Line by line, transcribe the listing below exactly.
DATA SHOWN START
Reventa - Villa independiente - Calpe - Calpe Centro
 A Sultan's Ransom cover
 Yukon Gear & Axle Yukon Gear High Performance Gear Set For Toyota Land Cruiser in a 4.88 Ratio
DATA SHOWN END
ANSWER FOR THE TASK
Reventa - Villa independiente - Calpe - Calpe Centro
 A Sultan's Ransom cover
 Yukon Gear & Axle Yukon Gear High Performance Gear Set For Toyota Land Cruiser in a 4.88 Ratio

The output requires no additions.